Toward the end of the negotiation process, however, money was not the main impediment to an agreement, Mr. Hormell said. "It was a philosophical thing beyond money. Amnesty had been holding up the [negotiations]," he said, referring to the teachers' request that they not be penalized later by layoffs, demotions, or transfers.

Ten years ago, the Pennsylvania legislature passed Act 195, giving teachers the right to strike. "But it is a limited right to strike," said Mr. Hormell. "When the court decides striking becomes dangerous, then it is prohibited."

The court reached that conclusion on Dec. 20, when Washington County Judge Samuel Rodgers ordered the teachers back to school, but the teachers refused to return. Every day since, each teacher has been fined $100 for contempt of court. The teachers feared that their noncompliance with the court order would have repercussions and they requested that the new contract include an amnesty provision to protect them from losing jobs or being penalized for strike activities.

Ultimately, the amnesty language was excluded from the new contract, but the school board and teachers signed two agreements stating that teachers will not be discharged, demoted, or laid off, and that, if the district takes any action against teachers, a state-appointed negotiator will decide whether the agreements have been violated.

Ronald Watzman, a lawyer for the Pennsylvania State Educators Association, said he thought both sides were relieved to have signed the agreements. He said the teachers still will have to pay the court fines.

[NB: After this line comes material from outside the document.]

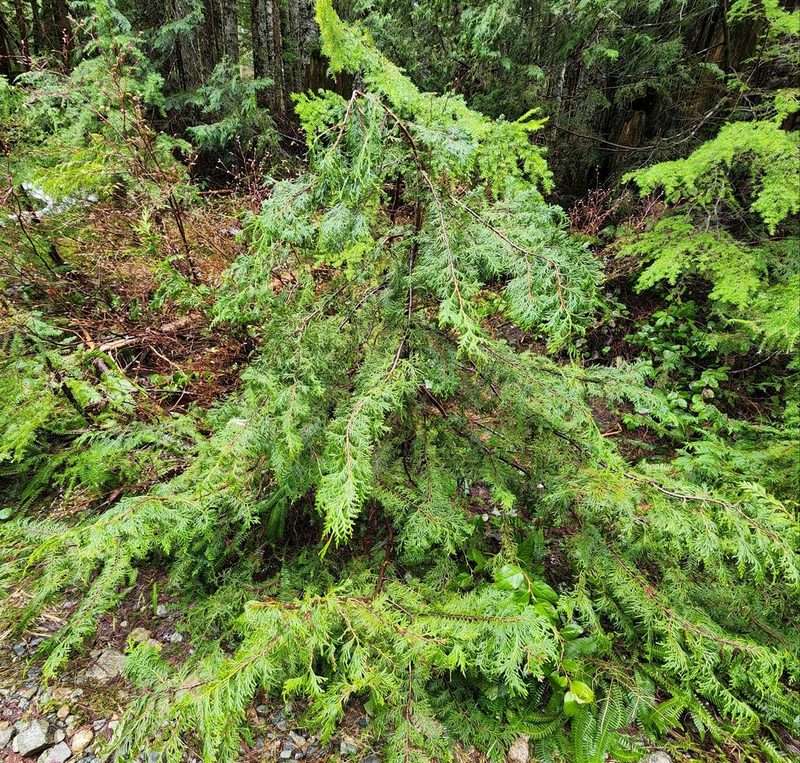 Callitropsis nootkatensis, photographed by Lyrae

"Under the law those fines cannot be reduced unless the board partici-pates in a petition," he said. "As of now, the board has not consented."

The first day back in class Jan. 31 was a quiet one. Most teachers would not talk about their feelings on the strike. Mr. Carlson, the superintendent, said, "the teachers and administration just want to get back to the business of educating."

Philadelpia Strike Issues

The Philadelphia workers who walked off the job were entitled to a 10-percent raise starting September 1981 under a contract that ran from September 1980 through last August. But the board delayed the raise because of budget problems.

An arbitrator decided that the workers were entitled to receive the pay raise, and the Court of Common Pleas upheld that ruling. But the Commonwealth Court rejected the ruling and sent the case back to arbitration. The workers have been working without a new contract since last September.

"I think this was the straw that broke the camel's back," an official for the school board said last week.

Base salaries for the workers range from $10,000 to $19,000, the spokesman said.

Elsewhere, an 18-day strike in the Willoughby-Eastlake district in Ohio ended Jan. 27 after 12 hours of bargaining with a federal mediator.

The new contract raises the base salary 6.8 percent from $13,310 to $14,200. The new contract, retroactive to Jan. 1, expires Aug. 1. The teachers had asked for an immediate 7-percent raise in base salaries and another 5.3-percent boost in August. The district originally offered no immediate raise and a 3.6-percent hike in August.

Charlie Euchner contributed to this report.